What began as a fun hobby for two twenty-somethings blossomed into a thriving brewpub that as of this summer serves up its own award-winning craft beer.
“We just started home brewing with little extract kits like most people do,” Ross Metzger said of the pastime he and business partner Cody McKendrick enjoyed more than a decade ago.
But this June kicked their notability up a notch when Bewilder Brewing Company came away from the North American Brewing Association Festival in Idaho Falls with two bronze medals and a pair of golds.
Their Kolsch and ESB brews came in third place, while their Double Hazy IPA and Wee Heavy beers both took first.
“As far as I know, we’re the first national gold medal winner in Utah to get a gold for that style of beer. That’s a pretty big deal for us,” Metzger said of their super-hoppy IPA.
Getting the gold for their Wee Heavy beer also felt significant, Metzger said, because it resulted from a collaborative effort with Strap Tank Brewery in Lehi.
“It’s a Scottish ale with high-alcohol content.

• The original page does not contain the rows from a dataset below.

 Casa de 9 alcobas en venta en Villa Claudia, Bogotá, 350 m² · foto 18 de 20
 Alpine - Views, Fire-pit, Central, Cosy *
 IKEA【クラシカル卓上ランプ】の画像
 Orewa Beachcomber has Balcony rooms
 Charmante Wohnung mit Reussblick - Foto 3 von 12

We did an extended boil that kind of caramelizes the sugar and darkens the color of the beer,” Metzger said, noting that the process “makes for a really long brew day.”
“So we did part, Strap Tank did part, then we mixed the beers together, fermented it and ended up winning a gold,” Metzger said.

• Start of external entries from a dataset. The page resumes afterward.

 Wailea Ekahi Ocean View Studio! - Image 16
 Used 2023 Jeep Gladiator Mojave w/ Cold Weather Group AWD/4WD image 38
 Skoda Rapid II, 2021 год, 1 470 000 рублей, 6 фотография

But Metzger noted that he’s equally proud of the bronze honors their Kolsch and ESB beers received.
“Those are traditional-style beers that are fairly nuanced,” Metzger said. “And they’re our core beers ― what we have on tap all the time.” Not to mention they’re gluten-reduced, he added.
The nonprofit North American Brewers Association formed in 1996 to “secure beer’s role in our culture and society through the advancement of brewing quality and consumer education.”
The organization’s list of this year’s winners included 138 breweries from 22 states who nabbed a total of 288 awards, with Utah boasting 17 brewmakers and 51 medals.
Utah’s thriving craft brew industry seems stunning coming from a state where the predominant religion frowns on consuming alcohol.
But Metzger said he’s not surprised by Utah’s quality of production.
“(Alcohol) laws are influenced by the LDS population, obviously, but it’s actually driven Utah to make a little bit better beer,” Metzger said, recalling the state’s former 3.2 percent alcohol law that lawmakers lifted in November 2019.
“You couldn’t brew a beer on tap over 4 percent in volume,” Metzger said. “When you’re limited to that, you have to have really good production and technique to make good tasting beer with really low alcohol.”